M-mode lesion imaging

All-optical M-mode ultrasound imaging was performed during ablation to track lesion depth. A custom programme based on LabVIEW (National Instruments, USA) was used for data acquisition, providing data processing and real-time display of the M-mode ultrasound images. For M-mode imaging, A-lines were acquired at a rate of 100 Hz and acquired data was saved for off-line processing. The acquired data was processed in several steps prior to display and segmentation. Firstly, the acquired A-lines were bandpass filtered (Butterworth, 10–40 MHz, 4th order) for noise suppression. Subsequently, a Hilbert transform was applied to obtain the signal envelope, followed by a log transform for display. Individual A-lines were concatenated in time to produce the M-mode image.

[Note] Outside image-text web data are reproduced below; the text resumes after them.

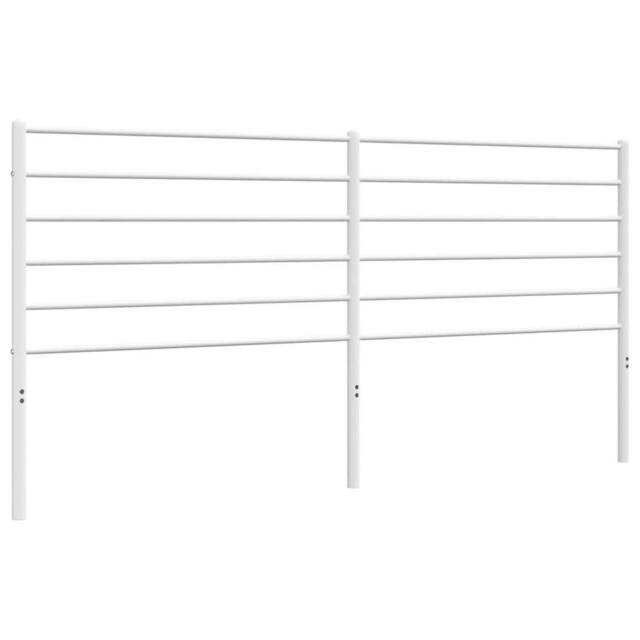 Berkfield Home Metal Headboard White 193 cm - image 1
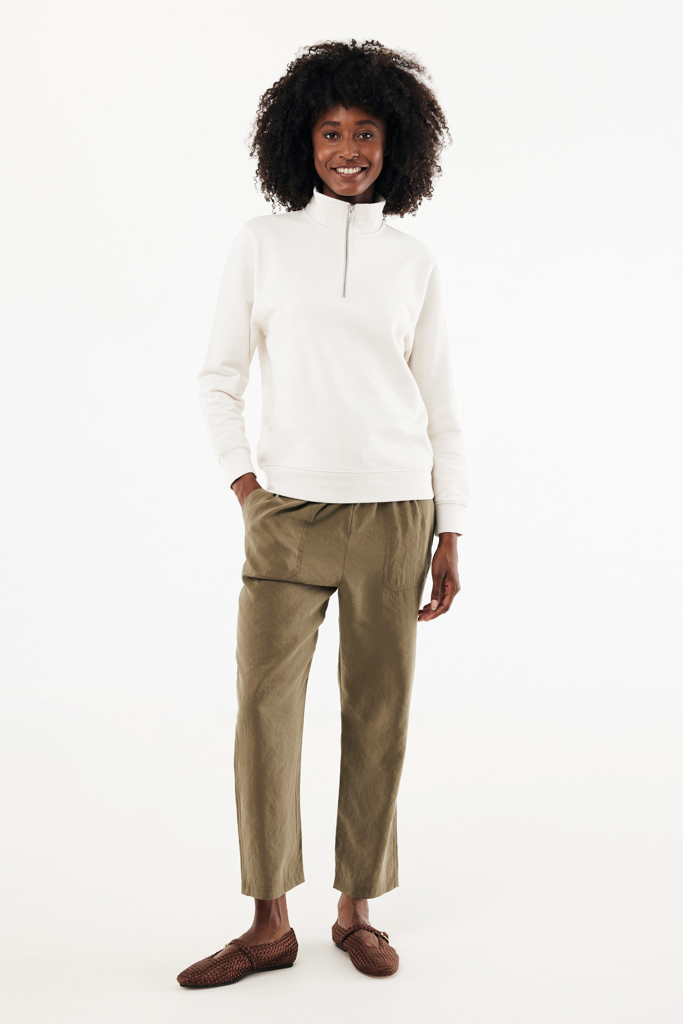 iqoniq Elgon Unisex Quarter-Zip Pullover aus 30 % recycelter & 70 % Bio-Baumwolle, 300 g/m², bedruckbar iqoniq Elgon Unisex Quarter-Zip Pullover aus 30 % recycelter & 70 % Bio-Baumwolle, 300 g/m², bedruckbar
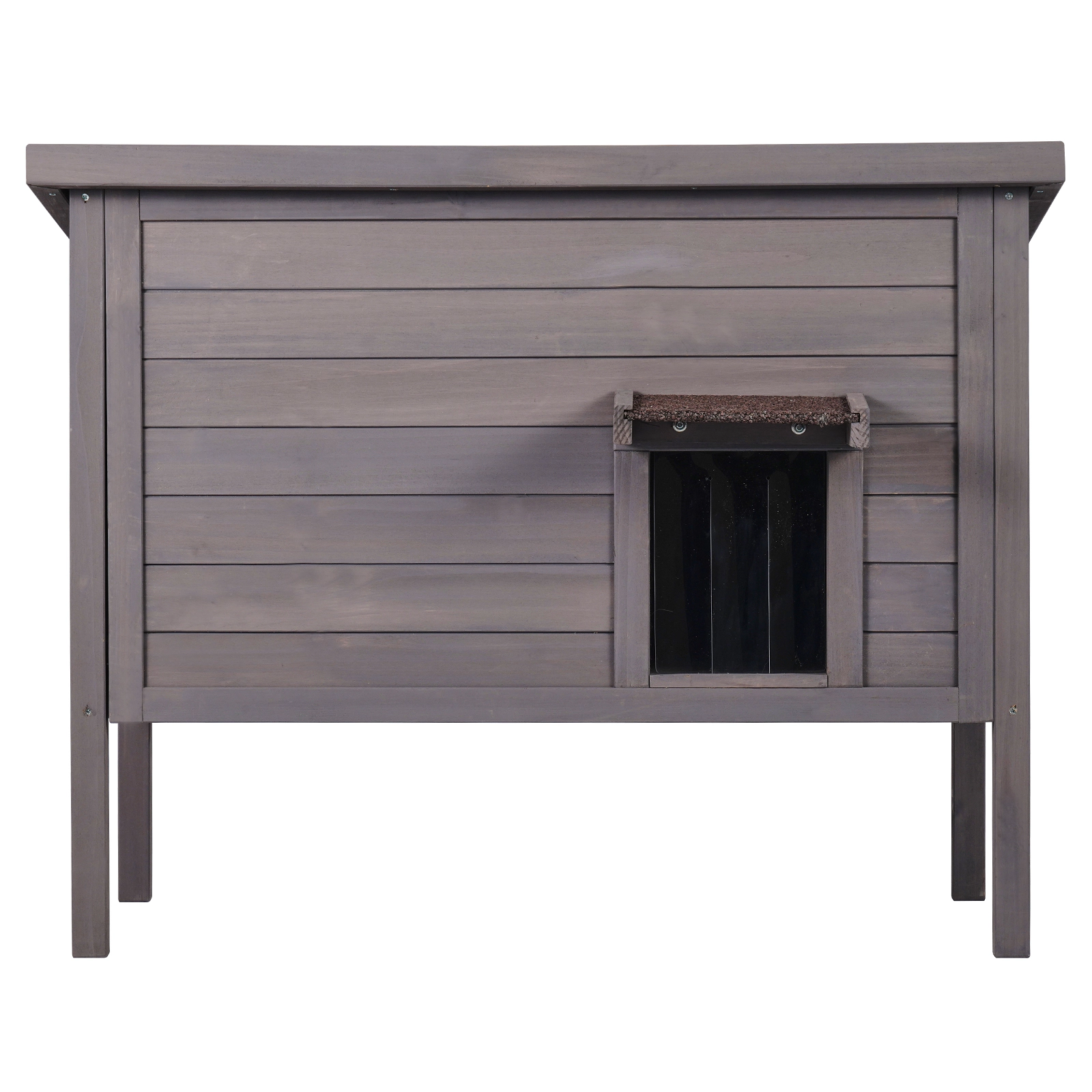 HONGGE Outdoor Cat House Weatherproof Feral Cat Shelter for Multiple Cats Outdoor Wooden Cat Rabbit House with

M-mode image acquisition was started 10 s prior to turning the ablation laser on, this provided a clear view about the signal change during laser ablation. Further, image acquisition was continued for 10 s after completion of the laser ablation, allowing measurement of the resulting lesion depth (Fig. 6).

Fig. 6: Flow diagram of the operational workflow.

The operational workflow for ablation lesion imaging is outlined, including initiation of M-mode OpUS imaging, followed by laser ablation and monitoring.

Lesion depth tracking

The lesion depth was measured on the acquired M-mode images. Tissue exposed to laser ablation exhibited increased brightness on the M-mode ultrasound image compared to normal tissue. Therefore, the automated lesion depth tracking was developed on the basis of image segmentation. Prior to segmentation, the noise on ultrasound images was suppressed by a moving average kernel. The algorithm used for segmentation was fuzzy c-means (FCM), integrating local intensity and spatial information to increase robustness to noise and artefacts⁶⁷.

Briefly, the FCM algorithm mapped each pixel into multiple clusters by introducing a membership function that represented the probability of each pixel belonging to a specific cluster. The cost function used in FCM was subjected as follows^67,68:

$$J=\mathop{\sum }\limits_{n=1}^{N}\mathop{\sum }\limits_{m=1}^{C}{\mu }_{mn}|| {i}_{n}-{v}_{m}{||}^{2}$$

(1)

where N was the number of pixels; C was the number of clusters; i_n was the specific pixel; v_m was the centroid of m^th cluster and ∣∣⋅∣∣ denoted the norm operation. In order to minimise the cost function, the membership functions μ_mn and v_m were updated iteratively as follows⁶⁸:

$${\mu }_{mn}=\frac{{|| {i}_{n}-{v}_{m}|| }^{-2/(p-1)}}{\mathop{\sum }\nolimits_{k = 1}^{C}|| {i}_{n}-{v}_{k}|{| }^{-2/(p-1)}}$$

(2)

$${v}_{m}=\frac{\mathop{\sum }\nolimits_{n = 1}^{N}{\mu }_{mn}^{p}{i}_{n}}{\mathop{\sum }\nolimits_{n = 1}^{N}{\mu }_{mn}^{p}}$$

(3)

where p was the parameter controlling the fuzziness of the segmentation. By incorporating the spatial information h_mn, the membership functions were updated to:

$${\mu }_{{{{{{{{\rm{mn}}}}}}}}}^{\prime}=\frac{{\mu }_{mn}{h}_{mn}}{\mathop{\sum }\nolimits_{k = 1}^{c}{\mu }_{kn}{h}_{kn}}$$

(4)

the h_mn presented spatial information by:

$${h}_{mn}=\mathop{\sum}\limits_{k\in {N}_{n}}{\mu }_{mk}$$

(5)

where N_n denoted the spatial window centred around the pixel n. The iteration stopped when the maximum difference between the cluster centres derived from two consecutive iterations was less than a threshold value (0.02). After the convergence of the cost function, each pixel was assigned to the specific cluster where the membership was maximal. Following the segmentation, the morphological operators including image opening and closing were applied for extracting the ablation region.

Data analysis

To assess whether the OpUS imaging could delineate the ablation depth accurately, the OpUS measurements were compared with ablated depth measurements acquired by stereomicroscopy. In terms of the non-contact regime, the Wilcoxon signed-rank test (two-tailed, p < 0.05) were performed between the depth measurements of OpUS and stereomicroscopy for all the resulting lesions caused by each laser power-duration combination and their repeats. The Wilcoxon signed-rank test was not employed on the contact regime since the lower number of samples would lead to invalid statistical results and the purpose of these experiments was to highlight the visualisation of carbonisation in the M-mode imaging.